Where do poems come from?

sambuca copy

This morning, checking my emails, feeling guilty about not writing, feeling anxious about not having anything to write about, suddenly, starlings descended, all at once and on the same tree, the black elder, Sambuca Black Lace, its leaves thinned by the cold and the wind, its berries black and ripe and taut as eyes, and the starlings hit it with their bodies and pecked as though it were alive, a baited thing, and berries were grabbed and swallowed and berries fell on the stone flags where more starlings jostled and snatched and I’d been at such a loss to begin anything and using the emails as an excuse that when the starlings came I rushed for my camera with the intention of photographing them for my blog, though when I approached the patio doors I startled them and they grabbed their things and ran, but it was a moment of clarity, when time slows and you’re pulled into something which is not your life, as though you’ve left yourself, stepped out of the shoes that were holding you down and escaped for a moment, passing into a more heightened and receptive state where you can observe things, even though they are small and probably insignificant to others, but somehow you understand that they are of more value to you than events in your ‘real’ life, so you allow yourself to be there, in this new world, knowing it won’t last, that you’ll have to go back, but hopefully something will stay with you, a gleaming eye, a scattering of black berries, the intention to capture it, to set it down, perhaps make art from it, not just to record it but to process it. You’ll see the starlings as a marauding gang, a posse, a raiding party, except these are cliches so you’ll have to do some work to (re)imagine the things you’ve seen, to do it differently to all the other imaginers who have gone before you; you’ll have to push yourself out of safe mode and into territory that is wild and uncomfortable. The berries will be black sapphires or beads of jet from a broken Victorian necklace, and the birds are Quakers breaking their silence to stand up and talk about God and if you’re writing towards a poem it might eventually sidestep the berries and the starlings completely and be about the omelette you had for tea last night, but you will have created something and that in itself will be your reward.


4 thoughts on “Where do poems come from?

  1. What you’ve done here is rather splendid, and will find its way into a blog post I’m planning on the business of being stalled and the moments that draw you in.
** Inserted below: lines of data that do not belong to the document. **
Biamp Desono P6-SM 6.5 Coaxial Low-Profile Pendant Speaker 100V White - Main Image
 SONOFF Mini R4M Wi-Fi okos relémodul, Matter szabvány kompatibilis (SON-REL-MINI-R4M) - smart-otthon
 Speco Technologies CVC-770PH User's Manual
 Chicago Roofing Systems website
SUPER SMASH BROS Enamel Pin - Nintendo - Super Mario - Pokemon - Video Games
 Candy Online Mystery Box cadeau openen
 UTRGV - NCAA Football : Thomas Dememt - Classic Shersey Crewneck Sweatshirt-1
And the other thing. You remind me how poems can do so many things that a photograph can’t, not lease the business of being processed linearly, in time, so it’s absorbed and revealed in a completely different way. I hope you don’t mind if I quote a big chunk of this. I seem to be heavily into metablogging at the moment. Intertextual me. xxxxx


    • Thanks so much for this John. By all means quote anything that you think is useful. I’m just starting to think seriously about poems again after the long haul of prose over the summer (the draft of the novel is locked away until I feel I have enough time and energy to do the next stage – prune, rewrite, burn it on a pyre, whatever … ). I suspect that, as writers, we don’t really want to understand too much about where poems come from but as ‘writing practitioners’ we feel we should know!
      Thanks, as always, for taking an interest – and sorry to have been off the radar for a while! Julie X


  2. found my way here via dave bonta’s poetry blog digest & love this post. you’ve really captured how we leave & re-enter different worlds & what sticks with us from one to the next!


    • Hi Carolee,
      Glad you like the blog post. It was a strange moment in time that really felt like it had a wider significance. I’ve always been interested in the process of writing as well as the finished piece. I suspect that there are a million answers to the question of where poems come from – mine is just one small contribution to the debate.
      I love Dave Bonta’s haiku by the way, and the accompanying films he’s made. His redactions are brilliant too.